Para os fitoterápicos, há duas classificações, Medicamento Fitoterápico (MF) e Produto Tradicional Fitoterápico (PTF). Para ambas é possível a comprovação de segurança e eficácia/efetividade por meio do registro simplificado: lista simplificada de registro (IN 02/14); presença nas monografias de fitoterápicos publicadas pela European Medicine Agency (EMA). “No caso dos fitoterápicos classificados como MF, a comprovação de SE pode ocorrer também através de publicações técnico-científicas ou por estudos não clínicos e clínicos. E, para os fitoterápicos enquadrados como PTF, outra forma de comprovação é através da tradicionalidade de uso”, afirma Valéria.
Para medicamento fitoterápico, a comprovação de segurança e eficácia/efetividade por meios clínicos e publicações científicas requer artigos indexados em bases de dados do sistema CAPES, com desenho adequado, realizados com mesmo IFA, mesma forma farmacêutica e mesma indicação que se deseja registrar.
Já para PTF, a comprovação da segurança e efetividade pela tradicionalidade de uso também é realizada através de publicações científicas e necessita comprovação de um período mínimo de 30 anos de uso.
Riscos
De acordo com Rafaella, toda vez em que se for desenvolver um novo produto, tem-se dois grandes riscos. O primeiro do projeto em si, que é a realização de uma pesquisa, que pode chegar ou não ao resultado esperado. É um risco financeiro, afinal o que a indústria almeja é um produto final para ser comercializado. O segundo é o risco inerente ao produto, por isso, há a necessidade do estudo de segurança e eficácia. Trata-se de uma forma não apenas de legislar, mas demonstrar um trabalho realizado com ética e coerência.
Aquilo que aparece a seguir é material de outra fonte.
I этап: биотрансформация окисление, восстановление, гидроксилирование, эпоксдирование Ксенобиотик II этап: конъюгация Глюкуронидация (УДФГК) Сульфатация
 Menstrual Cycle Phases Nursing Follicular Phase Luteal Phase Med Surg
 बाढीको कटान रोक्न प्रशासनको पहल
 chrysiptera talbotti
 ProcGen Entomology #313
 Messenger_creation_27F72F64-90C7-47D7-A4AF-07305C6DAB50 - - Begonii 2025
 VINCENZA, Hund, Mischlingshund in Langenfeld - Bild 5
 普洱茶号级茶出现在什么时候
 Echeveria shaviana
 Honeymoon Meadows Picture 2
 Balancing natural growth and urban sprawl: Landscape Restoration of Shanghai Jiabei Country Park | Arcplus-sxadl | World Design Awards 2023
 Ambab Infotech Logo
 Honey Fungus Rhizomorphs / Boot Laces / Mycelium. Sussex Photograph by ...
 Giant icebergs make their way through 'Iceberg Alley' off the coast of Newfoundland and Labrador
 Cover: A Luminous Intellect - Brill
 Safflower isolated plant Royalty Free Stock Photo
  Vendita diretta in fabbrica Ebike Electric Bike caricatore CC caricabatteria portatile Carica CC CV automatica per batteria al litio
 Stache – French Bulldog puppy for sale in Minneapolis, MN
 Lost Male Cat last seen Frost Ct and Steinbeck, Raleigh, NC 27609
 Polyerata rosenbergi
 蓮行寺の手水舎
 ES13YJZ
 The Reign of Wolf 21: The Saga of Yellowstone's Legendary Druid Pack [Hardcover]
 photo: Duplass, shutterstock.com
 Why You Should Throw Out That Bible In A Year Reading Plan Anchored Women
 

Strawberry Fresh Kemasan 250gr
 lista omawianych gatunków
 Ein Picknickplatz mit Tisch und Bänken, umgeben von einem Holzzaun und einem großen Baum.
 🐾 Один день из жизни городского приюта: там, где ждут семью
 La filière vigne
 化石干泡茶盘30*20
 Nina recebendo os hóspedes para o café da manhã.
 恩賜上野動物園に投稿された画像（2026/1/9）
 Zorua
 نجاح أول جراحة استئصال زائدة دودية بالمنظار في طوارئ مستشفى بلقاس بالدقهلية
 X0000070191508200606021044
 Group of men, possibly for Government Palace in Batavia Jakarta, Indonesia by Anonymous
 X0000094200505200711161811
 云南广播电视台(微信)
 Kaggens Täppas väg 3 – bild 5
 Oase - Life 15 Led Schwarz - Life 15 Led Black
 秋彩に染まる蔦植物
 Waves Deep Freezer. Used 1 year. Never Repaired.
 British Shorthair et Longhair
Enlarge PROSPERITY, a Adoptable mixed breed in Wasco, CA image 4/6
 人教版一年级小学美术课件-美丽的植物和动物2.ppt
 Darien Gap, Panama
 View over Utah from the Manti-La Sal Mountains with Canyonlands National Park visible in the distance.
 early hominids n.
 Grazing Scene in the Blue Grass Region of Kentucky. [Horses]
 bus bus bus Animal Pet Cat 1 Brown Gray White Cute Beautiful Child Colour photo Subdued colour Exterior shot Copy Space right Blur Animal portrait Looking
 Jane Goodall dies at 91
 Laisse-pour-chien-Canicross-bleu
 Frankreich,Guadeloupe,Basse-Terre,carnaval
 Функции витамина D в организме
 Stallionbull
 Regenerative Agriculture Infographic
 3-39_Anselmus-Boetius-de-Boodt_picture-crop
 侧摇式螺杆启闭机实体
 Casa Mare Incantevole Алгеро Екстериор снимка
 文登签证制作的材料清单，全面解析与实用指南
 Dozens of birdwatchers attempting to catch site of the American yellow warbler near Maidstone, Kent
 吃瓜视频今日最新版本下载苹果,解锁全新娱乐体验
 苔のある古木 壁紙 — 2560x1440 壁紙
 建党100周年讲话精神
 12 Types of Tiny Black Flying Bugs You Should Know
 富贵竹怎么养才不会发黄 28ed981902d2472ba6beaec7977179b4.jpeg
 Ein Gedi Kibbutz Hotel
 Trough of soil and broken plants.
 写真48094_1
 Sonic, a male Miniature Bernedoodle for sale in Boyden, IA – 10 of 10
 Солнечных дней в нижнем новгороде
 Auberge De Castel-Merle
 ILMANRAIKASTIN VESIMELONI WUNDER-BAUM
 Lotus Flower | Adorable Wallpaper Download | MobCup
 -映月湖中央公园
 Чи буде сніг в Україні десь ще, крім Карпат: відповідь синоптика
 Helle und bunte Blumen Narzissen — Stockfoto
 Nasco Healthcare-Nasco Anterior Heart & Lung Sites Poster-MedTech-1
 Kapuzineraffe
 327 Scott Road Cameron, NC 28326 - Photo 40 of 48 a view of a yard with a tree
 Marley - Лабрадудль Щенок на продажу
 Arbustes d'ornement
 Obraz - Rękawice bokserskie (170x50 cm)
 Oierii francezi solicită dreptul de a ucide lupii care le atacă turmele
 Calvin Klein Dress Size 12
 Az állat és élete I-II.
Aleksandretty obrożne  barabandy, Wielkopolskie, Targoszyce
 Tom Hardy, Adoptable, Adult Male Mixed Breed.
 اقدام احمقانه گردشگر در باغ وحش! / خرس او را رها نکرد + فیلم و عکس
A busca de publicações científicas em bases de dados é complexa e exige um grande planejamento. A assertividade na elaboração das chaves de busca, com o correto emprego dos operadores booleanos e delimitadores de pesquisa leva a uma busca refinada, com resultados precisos que refletem o que de fato existe publicado sobre determinado fármaco/medicamento.
“A análise criteriosa das publicações recuperadas nessas buscas é de fundamental importância, uma vez que os artigos selecionados irão fundamentar a comprovação de segurança e eficácia dos fitoterápicos ou medicamentos específicos, e por isso precisam atender aos requisitos dispostos nas normativas vigentes de fitoterápicos/medicamentos específicos, finaliza Valéria.